The partner council of France's Nissan alliance, Renault, has chosen not to overthrow Ghosn as its own CEO, pending clear evidence. Sources told NBC News that they were questioning why Ghosn was arrested.
The 64-year-old executive was arrested Monday in Japan and accused of not reporting nearly 45 million dollars in income and misusing company assets. The Brazilian-born executive could remain detained in Tokyo for another 10 days before the prosecutor decides whether to file an official indictment.
This might involve "a lethal drink of politics and intrigue of international business," said Joe Phillippi of AutoTrends Consulting. While he warned that it might be a "stretch," he quickly added that "it is not out of the realm of possibility" that the allegations made against Ghosn were motivated by internal company disputes.
That echoed in half a dozen other conversations with people in or close to Nissan, with sources echoing the fact that there was a sharp fall between Ghosn and Saikawa, who replaced Ghosn as CEO of Nissan last year.
"Companies can usually give you a slap in the hand" when you play a little loose by using things like company jets or billing items to your expense account that are not justified, said a Nissan veteran, "but they don't" Their president was arrested and put in jail. "
If the case is not solid, some industry observers estimate that Saikawa could end up being forced out on its own. The Nissan CEO was clearly confident in the allegations made against Ghosn during a press conference at the company's headquarters on Monday, stating, "Apart from regret, I feel very disappointed, frustrated, hopeless, angry and upset."
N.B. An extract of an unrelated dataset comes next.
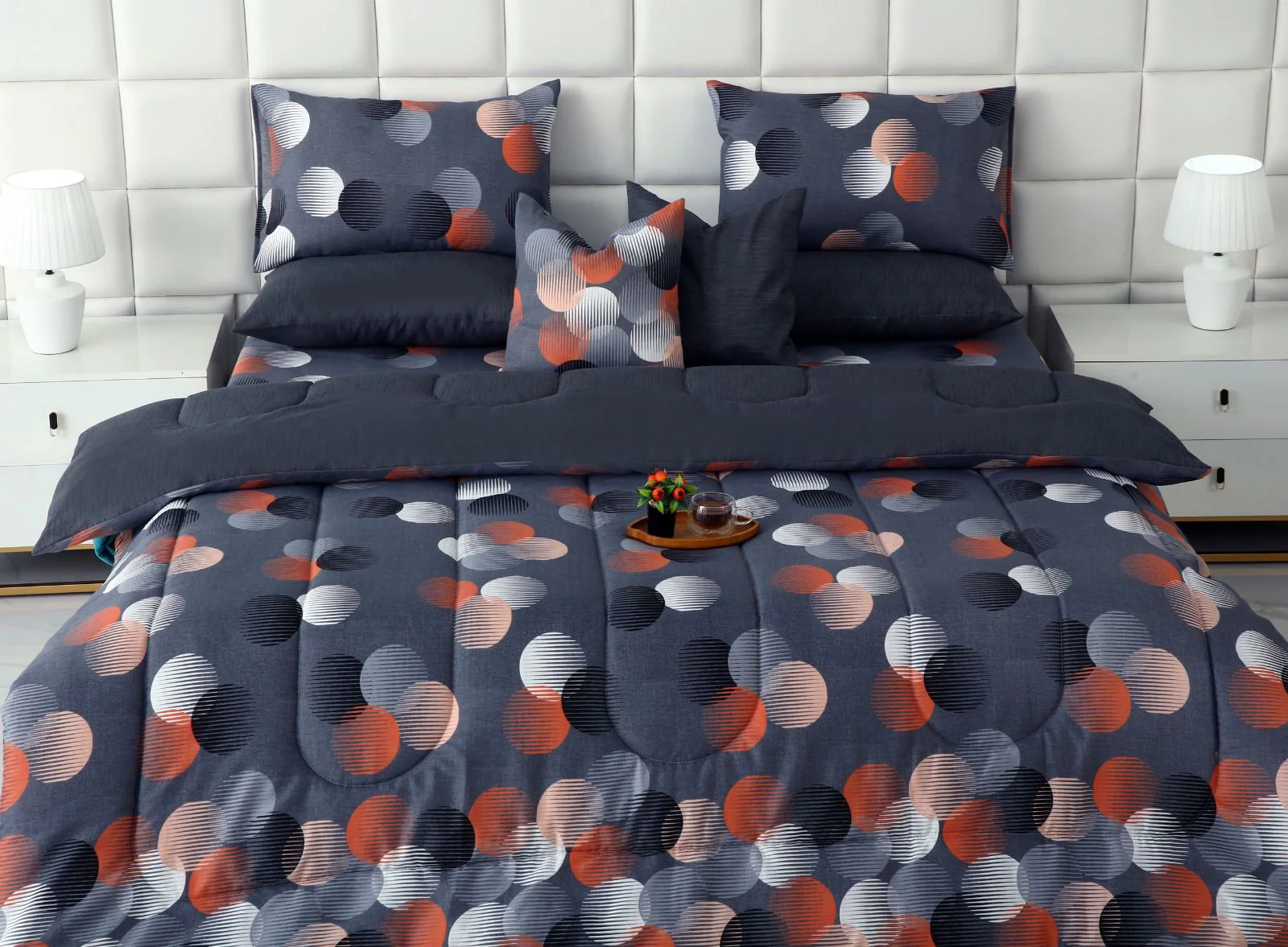 8 PCs Winter Razai Set-Illustration Design - Image 7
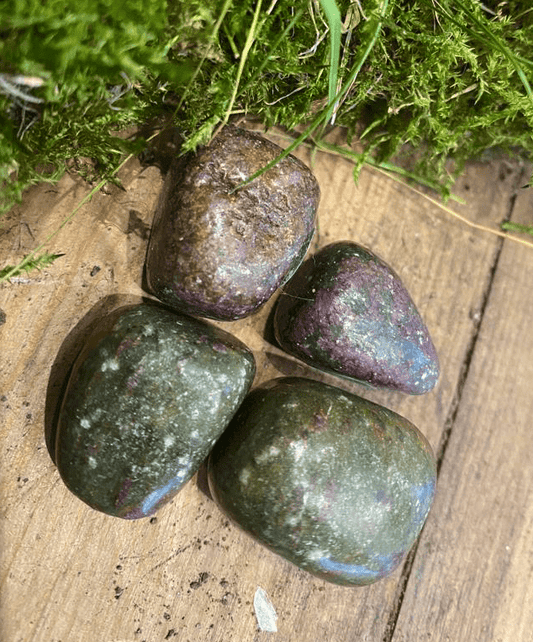 The Hare and The Moon Crystals Ruby Zoisite Tumble Stone - The Stone of Understanding - TS344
But he also might have hinted at the personal element in the case by showing that Ghosn had gained too much strength and might remain in his position for too long.
Ghosn joined Renault in 1996, brought in to improve the finances of a French company. He put it in black in just one year, got the nickname, "Le Cost Killer." Ghosn was then sent to Japan in 1999, after Renault bought a 38.6 percent stake in Nissan, to implement a major change plan. Originally named chief operating officer, Ghosn was soon appointed as CEO after Japanese carmakers began to make a profit and cut their crippling debts. He was later named chief executive at Renault, and held the same position in the umbrella organization now known as the Renault-Nissan-Mitsubishi Alliance.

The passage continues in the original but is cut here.